In the second case, with long flowing state of fibrillation (uncoordinated, fragmented contractions of cardiac muscle fibers), rapidly circulating irregular electrical impulses occur, that disrupt blood flow in coronary vessels and, ultimately, disrupt the possibility of the heart to contract, causing its stop.

Precisely the ventricular asystole (full stop of the ventricular contractions), unlike atrial asystole, compatible with the life, leads to the death of the patient.

Causes:

  • conduction disorders with a parallel inhibition of the ability of the ventricles to contract rhythmically. Most often this condition may be the result of atrial fibrillation or ventricular fibrillation and comes after them. In some cases the ventricular asystole is provoked by the electromechanical dissociation or ventricular tachycardia.

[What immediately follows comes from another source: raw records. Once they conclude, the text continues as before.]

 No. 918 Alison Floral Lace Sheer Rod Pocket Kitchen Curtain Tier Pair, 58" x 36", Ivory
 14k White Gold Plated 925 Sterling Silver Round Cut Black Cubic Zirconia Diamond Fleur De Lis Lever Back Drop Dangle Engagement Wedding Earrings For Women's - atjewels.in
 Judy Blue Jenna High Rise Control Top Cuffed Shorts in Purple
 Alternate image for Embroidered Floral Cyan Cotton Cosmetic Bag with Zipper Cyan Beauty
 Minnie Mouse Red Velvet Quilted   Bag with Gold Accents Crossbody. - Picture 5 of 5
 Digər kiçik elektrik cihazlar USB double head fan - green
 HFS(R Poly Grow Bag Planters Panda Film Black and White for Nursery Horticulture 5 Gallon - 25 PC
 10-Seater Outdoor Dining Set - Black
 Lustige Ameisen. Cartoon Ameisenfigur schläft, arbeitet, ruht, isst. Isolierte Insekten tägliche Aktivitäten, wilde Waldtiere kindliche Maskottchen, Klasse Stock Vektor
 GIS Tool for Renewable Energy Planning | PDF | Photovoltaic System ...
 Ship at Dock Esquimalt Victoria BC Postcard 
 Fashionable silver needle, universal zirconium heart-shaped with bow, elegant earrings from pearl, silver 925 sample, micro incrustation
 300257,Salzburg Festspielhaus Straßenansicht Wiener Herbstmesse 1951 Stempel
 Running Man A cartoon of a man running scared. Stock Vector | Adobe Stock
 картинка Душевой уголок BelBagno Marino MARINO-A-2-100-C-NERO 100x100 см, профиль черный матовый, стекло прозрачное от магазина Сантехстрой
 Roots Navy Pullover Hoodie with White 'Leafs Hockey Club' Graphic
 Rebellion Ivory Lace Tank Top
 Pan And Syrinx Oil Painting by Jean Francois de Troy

Atrial asystole is the absence of electrical and mechanical atrial systole during one or more cardiac cycles. Unlike ventricular asystole, isolated atria asystole does not lead to cardiac arrest because of emergence of substitutive rhythm from the atrioventricular node or rare idioventricular rhythm.

Atrial asystole (atrial arrest) is connected with the complete suppression of the activity of the sinus node or sinoatrial block, lack of heterotopic excitation focuses in the atrial myocardium and the lack of retrograde conduction from the ventricle to the atria. Centers of automaticity of lower orders assume the role of pacemaker. There is a so-called node (atrioventricular) or ventricular (idioventricular) rhythm. Accurate detection is difficult: there are no P waves, wave of atrial flutter or atrial fibrillation on the ECG. In cases of doubt intraatrial ECG is recorded.